Засыпая, она пыталась представить себе, как Илья спит у себя дома, в квартире, где она еще никогда не бывала, и, обращаясь к кому-то, кто ведает снами, просила: пусть я приснюсь ему, а он мне. Она уставала за день и спала очень крепко. Проснувшись, никогда не могла вспомнить, что ей снилось.
Все прошлые влюбленности теперь казались глупыми, детскими. Репетируя с Маем Суздальцевым, она переносила на него свои чувства к Илье и даже пыталась найти некоторое сходство.
Прошло три дня, Илья не звонил. Карл Рихардович предупредил ее, что у Ильи такая работа. Он может исчезнуть на неделю, на две, даже на месяц, но обязательно появится. Волноваться не стоит.
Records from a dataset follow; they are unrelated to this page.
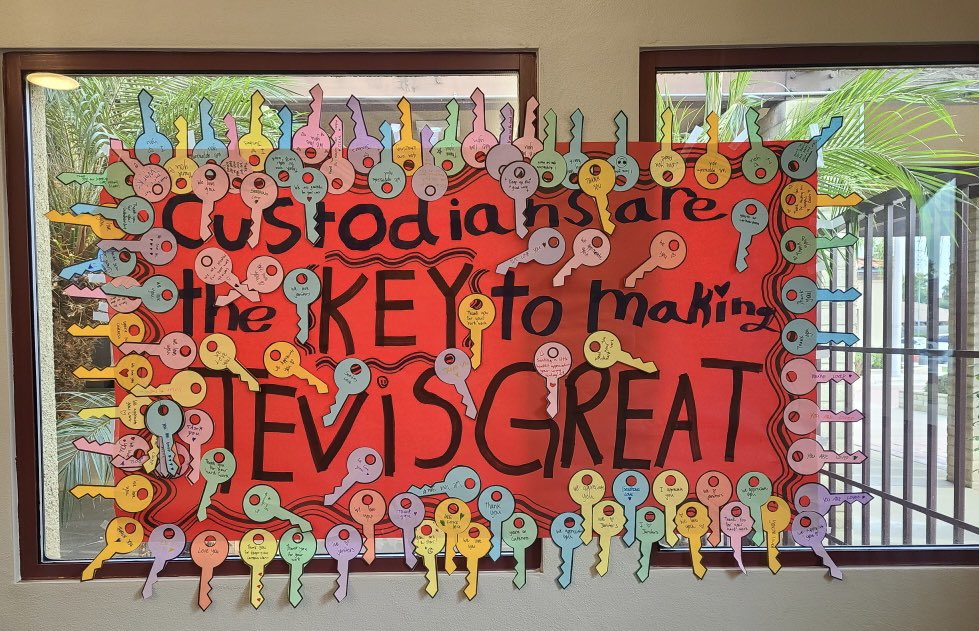 We are so lucky to have such an amazing team! Happy National Custodians Day! #WeArePBV #PBVUSD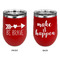 Inspirational Quotes Stainless Wine Tumblers - Red - Double Sided - Approval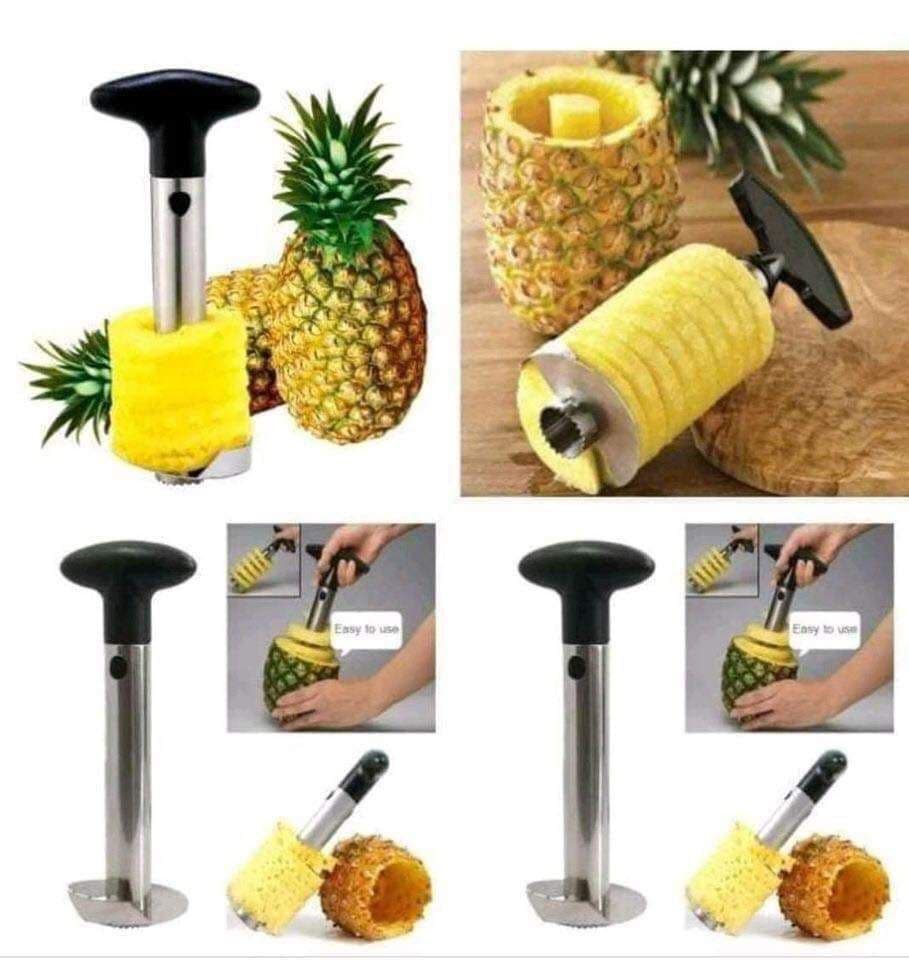 Pineapple Cutter and Corer, Durable Pineapple Corer Remover with Upgraded Cutter & Sharp Teeth, Stainless Steel Kitchen Pineapple Slicer Tool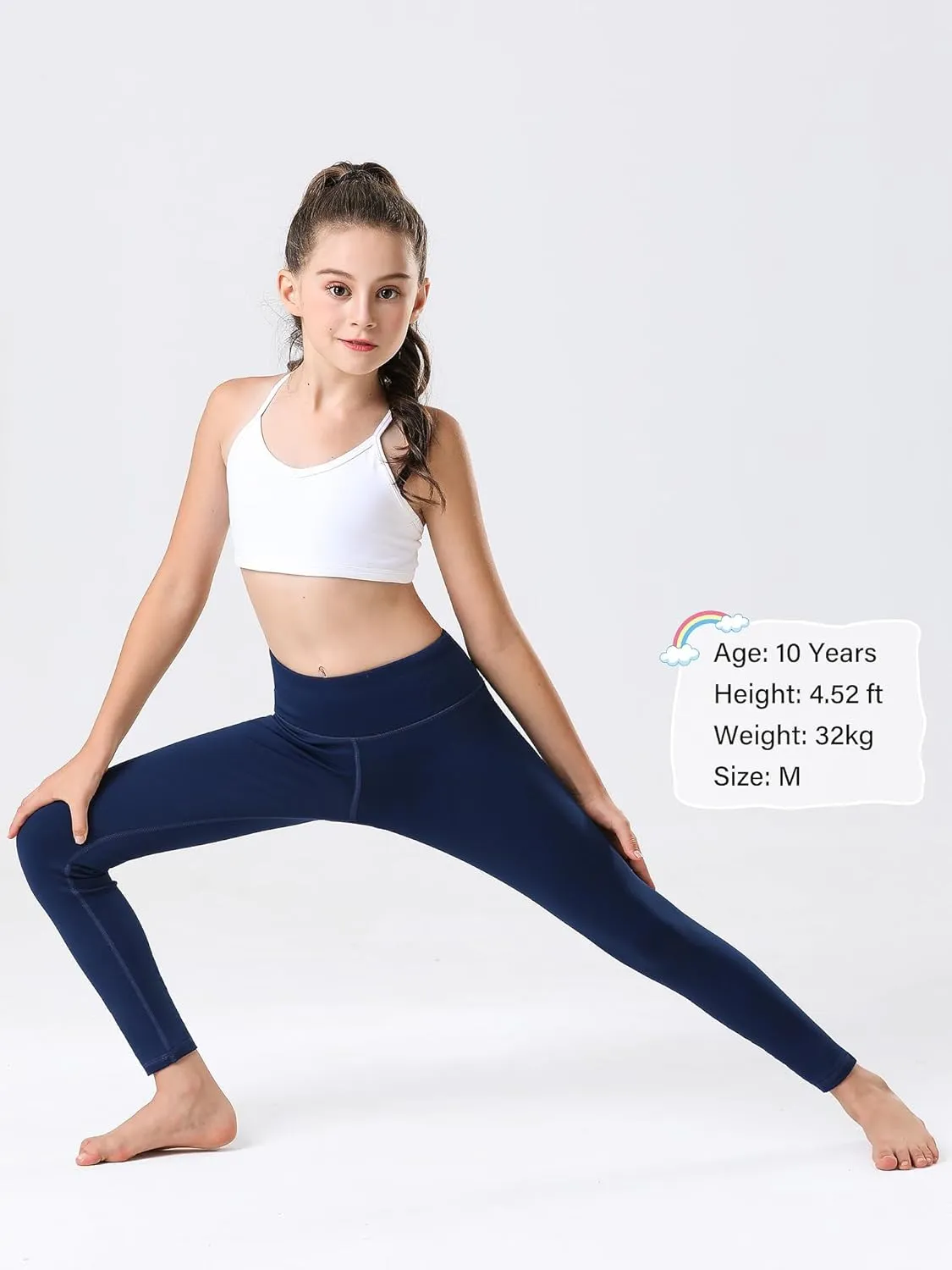 Stelle Girl's Fleece Lined Leggings Youth High Waist Warm Winter Athletic Yoga Pants with Hidden Pocket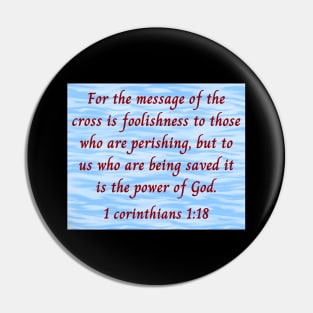 Bible Verse 1 Corinthians 1:18 Pin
«Я и не собираюсь волноваться, – думала Маша. – С какой стати мне волноваться? Он очень скоро позвонит.
То, что между нами произошло, не может оказаться пустой случайностью. Конечно, со стороны это выглядит странно. Только одно свидание, ночь на катке, несколько поцелуев, и все. Ты выйдешь за меня замуж? Видишь ли, у меня очень мало свободного времени, его практически совсем нет. Играть в так называемые брачные игры мне некогда, к тому же я не лось и не павлин. Единственная возможность познакомиться со мной поближе – стать моей женой».
Она повторяла его слова шепотом перед сном, уткнувшись в подушку. Никому ничего не рассказывала еще и потому, что боялась взгляда со стороны. Знала, что мама спросит: ну и где он, твой Крылов? Почему не звонит, не заходит? Может, ты все это выдумала? Огромное чувство, которого ни у кого никогда не бывало… Послушай, так не поступают взрослые люди. Прежде чем делать предложение, надо хотя бы немного узнать друг друга. Может, он просто пошутил, как тот безымянный молодой человек в чеховской «Шуточке»?
Рассказ Чехова «Шуточка» Маша знала почти наизусть. На выпускном экзамене она танцевала в этюде «Шуточка» партию Наденьки. Этюд поставил Сизов, муж Пасизо, он же сочинил музыку. Партию героя, у которого нет имени, поскольку рассказ написан от первого лица, танцевал Май.
«Это совершенно другая история, – спорила Маша неизвестно с кем. – Наденька так и не узнала, кто шептал ей признание в любви, герой или ветер. А я знаю точно, мне вовсе не послышалось, не померещилось, я ничего не придумала».